▶ [WHAT TO PRODUCE] Lower down are entries containing pictures. Copy exactly, without those pictures, the lines from the line with "2024/2025 Rangers Away" through the line with "Tablet Screenshot of lassakerhet.se".

▶ [PROVIDED INFORMATION]
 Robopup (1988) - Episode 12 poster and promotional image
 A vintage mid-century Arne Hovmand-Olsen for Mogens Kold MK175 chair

==

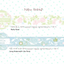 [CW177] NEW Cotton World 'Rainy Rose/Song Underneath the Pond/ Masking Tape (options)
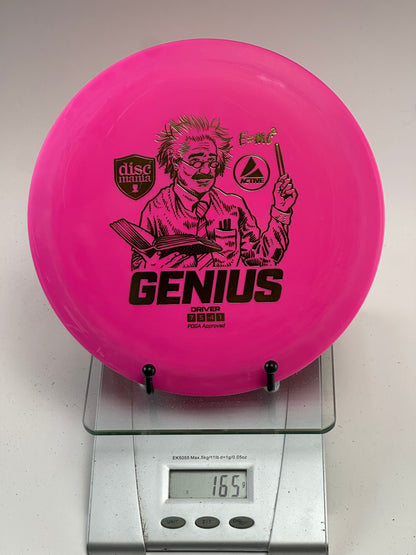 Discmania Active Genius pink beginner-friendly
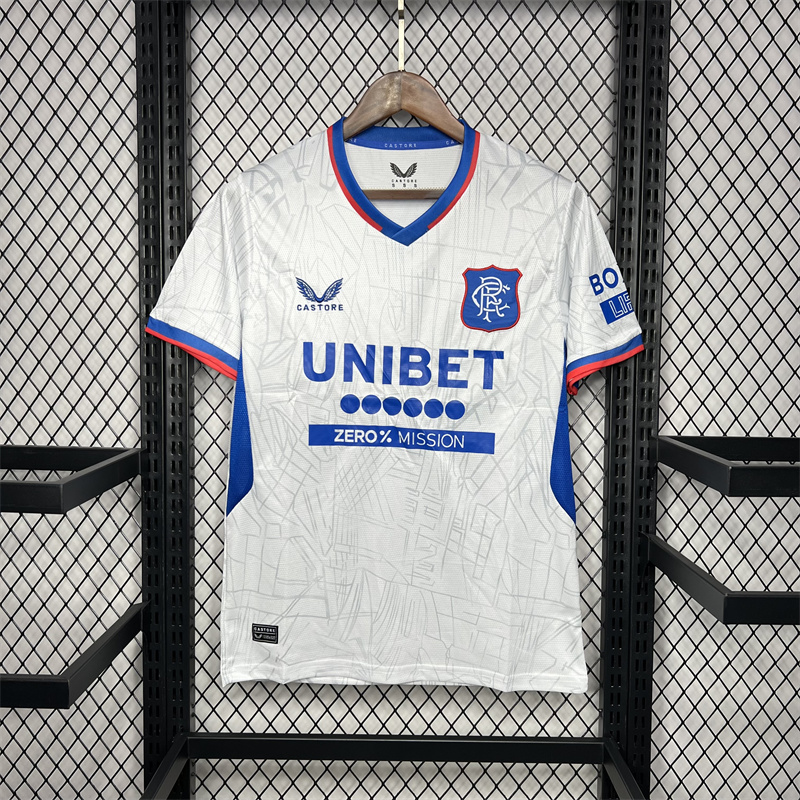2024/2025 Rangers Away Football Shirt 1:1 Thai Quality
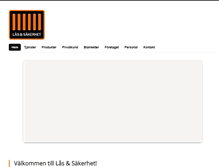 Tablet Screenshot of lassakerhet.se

▶ [RESULT FOR THIS TASK]
2024/2025 Rangers Away Football Shirt 1:1 Thai Quality
 Tablet Screenshot of lassakerhet.se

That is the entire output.